We'll use Google Colab to build our model. In Chapter 10, Heterogeneous Ensemble Classifiers Using H2O, we explained how to use Google Colaboratory in the There's more section.
We'll start by installing H2O in Google Colab as follows:
! pip install h2o
Executing the preceding command will show you a few instructions, with the final line showing the following message (the version number of H2O will be different depending on the latest version available):
Successfully installed colorama-0.4.1 h2o-3.22.1.2
We import all the required libraries, as follows:
import pandas as pd
import numpy as np
from sklearn.model_selection import train_test_split
from sklearn.metrics import confusion_matrix, roc_curve, auc
from sklearn import tree
import h2o
from h2o.estimators.glm import H2OGeneralizedLinearEstimator
from h2o.estimators.random_forest import H2ORandomForestEstimator
from h2o.estimators.gbm import H2OGradientBoostingEstimator
from h2o.grid.grid_search import H2OGridSearch
from h2o.estimators.stackedensemble import H2OStackedEnsembleEstimator
import seaborn as sns
import matplotlib.pyplot as plt
%matplotlib inline
We'll then initialize H2O:
# Initialize H2o
h2o.init()
Upon successful initialization, we'll see the information shown in the following screenshot.
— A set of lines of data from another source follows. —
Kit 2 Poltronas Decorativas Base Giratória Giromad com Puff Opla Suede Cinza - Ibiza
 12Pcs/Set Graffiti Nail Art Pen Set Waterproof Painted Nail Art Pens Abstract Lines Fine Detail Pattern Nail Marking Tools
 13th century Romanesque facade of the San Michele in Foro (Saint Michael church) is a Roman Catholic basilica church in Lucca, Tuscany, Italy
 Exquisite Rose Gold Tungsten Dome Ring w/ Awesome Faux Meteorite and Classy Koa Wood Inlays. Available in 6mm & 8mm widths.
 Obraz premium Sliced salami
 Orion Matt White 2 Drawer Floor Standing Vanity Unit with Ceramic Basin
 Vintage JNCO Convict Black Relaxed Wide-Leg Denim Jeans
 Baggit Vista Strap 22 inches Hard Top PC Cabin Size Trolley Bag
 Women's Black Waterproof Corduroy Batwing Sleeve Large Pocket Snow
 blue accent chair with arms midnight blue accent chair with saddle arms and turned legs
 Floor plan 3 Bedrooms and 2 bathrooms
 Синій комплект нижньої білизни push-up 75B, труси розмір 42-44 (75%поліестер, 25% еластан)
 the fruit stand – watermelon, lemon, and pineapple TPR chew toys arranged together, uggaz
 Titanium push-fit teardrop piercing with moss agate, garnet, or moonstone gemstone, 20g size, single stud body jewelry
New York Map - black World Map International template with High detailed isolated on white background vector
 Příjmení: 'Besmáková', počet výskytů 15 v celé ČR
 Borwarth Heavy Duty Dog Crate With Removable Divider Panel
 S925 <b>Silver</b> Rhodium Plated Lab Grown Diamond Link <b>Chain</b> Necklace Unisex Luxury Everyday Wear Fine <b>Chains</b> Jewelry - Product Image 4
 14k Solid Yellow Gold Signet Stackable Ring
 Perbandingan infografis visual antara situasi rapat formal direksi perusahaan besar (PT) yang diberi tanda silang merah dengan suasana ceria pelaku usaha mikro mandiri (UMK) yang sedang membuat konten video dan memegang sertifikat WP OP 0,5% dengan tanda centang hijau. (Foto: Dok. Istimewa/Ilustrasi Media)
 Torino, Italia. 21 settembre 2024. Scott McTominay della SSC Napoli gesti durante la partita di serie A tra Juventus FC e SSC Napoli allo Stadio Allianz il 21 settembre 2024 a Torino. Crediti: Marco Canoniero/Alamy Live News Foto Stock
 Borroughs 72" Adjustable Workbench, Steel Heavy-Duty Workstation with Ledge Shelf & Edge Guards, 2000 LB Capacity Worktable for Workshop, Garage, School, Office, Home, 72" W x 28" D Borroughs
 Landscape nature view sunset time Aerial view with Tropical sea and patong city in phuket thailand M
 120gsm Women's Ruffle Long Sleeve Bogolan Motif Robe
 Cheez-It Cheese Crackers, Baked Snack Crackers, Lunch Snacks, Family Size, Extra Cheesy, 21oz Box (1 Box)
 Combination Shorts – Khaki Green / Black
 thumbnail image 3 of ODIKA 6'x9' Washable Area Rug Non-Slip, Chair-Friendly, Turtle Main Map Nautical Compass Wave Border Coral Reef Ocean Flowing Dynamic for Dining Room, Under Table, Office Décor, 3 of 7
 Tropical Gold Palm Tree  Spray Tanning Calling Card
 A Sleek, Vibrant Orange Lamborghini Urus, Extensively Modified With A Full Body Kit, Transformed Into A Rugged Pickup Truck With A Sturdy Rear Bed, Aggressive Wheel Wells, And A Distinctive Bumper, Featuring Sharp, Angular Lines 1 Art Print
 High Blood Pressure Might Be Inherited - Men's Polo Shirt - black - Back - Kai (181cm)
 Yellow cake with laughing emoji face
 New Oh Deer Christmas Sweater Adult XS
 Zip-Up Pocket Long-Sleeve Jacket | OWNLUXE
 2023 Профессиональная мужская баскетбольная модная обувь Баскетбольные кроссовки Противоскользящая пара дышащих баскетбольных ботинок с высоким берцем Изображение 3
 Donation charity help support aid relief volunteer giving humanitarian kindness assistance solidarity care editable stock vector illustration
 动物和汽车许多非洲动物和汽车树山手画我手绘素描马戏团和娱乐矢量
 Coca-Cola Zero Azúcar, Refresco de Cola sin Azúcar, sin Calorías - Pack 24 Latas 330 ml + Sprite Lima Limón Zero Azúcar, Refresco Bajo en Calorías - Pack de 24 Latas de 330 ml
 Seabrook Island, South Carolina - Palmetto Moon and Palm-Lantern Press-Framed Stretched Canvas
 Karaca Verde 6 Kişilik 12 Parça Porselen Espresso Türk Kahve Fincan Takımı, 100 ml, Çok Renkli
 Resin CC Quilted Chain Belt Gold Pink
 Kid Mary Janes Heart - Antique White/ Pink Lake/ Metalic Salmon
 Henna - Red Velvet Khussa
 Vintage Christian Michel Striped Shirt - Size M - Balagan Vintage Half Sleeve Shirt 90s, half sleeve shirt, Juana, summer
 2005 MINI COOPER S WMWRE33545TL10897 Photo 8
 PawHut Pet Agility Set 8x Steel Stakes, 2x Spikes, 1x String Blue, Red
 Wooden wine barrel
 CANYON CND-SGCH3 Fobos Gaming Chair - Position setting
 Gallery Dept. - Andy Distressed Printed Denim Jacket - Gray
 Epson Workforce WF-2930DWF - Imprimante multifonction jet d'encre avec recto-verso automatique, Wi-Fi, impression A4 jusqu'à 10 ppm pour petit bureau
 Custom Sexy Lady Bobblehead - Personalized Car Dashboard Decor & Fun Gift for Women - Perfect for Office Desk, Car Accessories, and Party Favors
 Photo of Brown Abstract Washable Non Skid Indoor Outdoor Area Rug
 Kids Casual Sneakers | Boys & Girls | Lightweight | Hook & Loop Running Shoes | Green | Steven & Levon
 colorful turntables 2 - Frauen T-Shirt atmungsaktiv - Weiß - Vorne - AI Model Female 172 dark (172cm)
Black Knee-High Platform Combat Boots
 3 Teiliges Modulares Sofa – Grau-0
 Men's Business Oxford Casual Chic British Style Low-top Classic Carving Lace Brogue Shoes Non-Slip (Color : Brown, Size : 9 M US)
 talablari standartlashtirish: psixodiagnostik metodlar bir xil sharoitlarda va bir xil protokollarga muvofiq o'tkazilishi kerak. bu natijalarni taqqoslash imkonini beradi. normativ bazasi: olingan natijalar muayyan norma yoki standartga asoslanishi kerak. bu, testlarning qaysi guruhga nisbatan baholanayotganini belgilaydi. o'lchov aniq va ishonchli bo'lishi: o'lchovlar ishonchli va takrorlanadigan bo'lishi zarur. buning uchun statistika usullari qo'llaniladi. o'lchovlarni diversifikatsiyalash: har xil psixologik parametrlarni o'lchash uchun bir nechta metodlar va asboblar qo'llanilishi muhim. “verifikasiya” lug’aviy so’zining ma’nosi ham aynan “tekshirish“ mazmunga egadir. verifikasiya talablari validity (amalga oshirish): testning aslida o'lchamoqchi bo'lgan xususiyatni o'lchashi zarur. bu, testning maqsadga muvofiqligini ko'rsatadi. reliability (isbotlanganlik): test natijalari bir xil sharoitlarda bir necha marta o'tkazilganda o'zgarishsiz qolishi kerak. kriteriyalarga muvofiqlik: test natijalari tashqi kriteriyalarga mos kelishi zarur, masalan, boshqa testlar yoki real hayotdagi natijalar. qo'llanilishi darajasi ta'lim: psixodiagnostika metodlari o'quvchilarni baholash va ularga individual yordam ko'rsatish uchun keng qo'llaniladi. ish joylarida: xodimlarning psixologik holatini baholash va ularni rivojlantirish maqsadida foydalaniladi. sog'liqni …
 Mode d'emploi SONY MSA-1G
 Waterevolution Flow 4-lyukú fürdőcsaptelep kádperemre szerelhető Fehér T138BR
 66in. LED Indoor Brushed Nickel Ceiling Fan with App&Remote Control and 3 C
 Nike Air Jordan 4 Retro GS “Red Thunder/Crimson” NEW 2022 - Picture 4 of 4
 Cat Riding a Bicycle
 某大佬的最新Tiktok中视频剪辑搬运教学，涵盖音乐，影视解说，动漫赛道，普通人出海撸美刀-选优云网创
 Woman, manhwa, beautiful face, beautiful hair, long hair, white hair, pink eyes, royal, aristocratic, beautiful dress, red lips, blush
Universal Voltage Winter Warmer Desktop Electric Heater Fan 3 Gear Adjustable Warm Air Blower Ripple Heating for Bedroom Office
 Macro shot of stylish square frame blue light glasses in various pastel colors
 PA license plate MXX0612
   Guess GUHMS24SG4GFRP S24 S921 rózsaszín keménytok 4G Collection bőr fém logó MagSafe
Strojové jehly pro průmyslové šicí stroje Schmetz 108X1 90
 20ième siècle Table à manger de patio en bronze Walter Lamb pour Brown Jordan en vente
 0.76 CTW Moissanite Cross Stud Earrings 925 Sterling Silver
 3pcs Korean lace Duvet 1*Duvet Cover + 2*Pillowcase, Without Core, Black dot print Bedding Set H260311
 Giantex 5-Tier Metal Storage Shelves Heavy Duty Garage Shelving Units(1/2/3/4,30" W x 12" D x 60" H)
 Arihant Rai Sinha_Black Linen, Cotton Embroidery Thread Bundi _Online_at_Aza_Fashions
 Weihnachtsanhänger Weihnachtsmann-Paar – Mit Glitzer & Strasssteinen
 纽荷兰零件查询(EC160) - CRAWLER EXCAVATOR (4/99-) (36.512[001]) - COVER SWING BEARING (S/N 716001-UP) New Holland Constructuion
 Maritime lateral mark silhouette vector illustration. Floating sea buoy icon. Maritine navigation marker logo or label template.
This information might be different, depending on the environment:
We'll read our dataset from Google Drive. In order to do this, we first need to mount the drive:
from google.colab import drive
drive.mount('/content/drive')
It will instruct you to go to a URL to get the authorization code. You'll need to click on the URL, copy the authorization code, and paste it. Upon successful mounting, you can read your file from the respective folder in Google Drive:
# Reading dataset from Google drive
df_creditcarddata = h2o.import_file("/content/drive/My Drive/Colab Notebooks/UCI_Credit_Card.csv")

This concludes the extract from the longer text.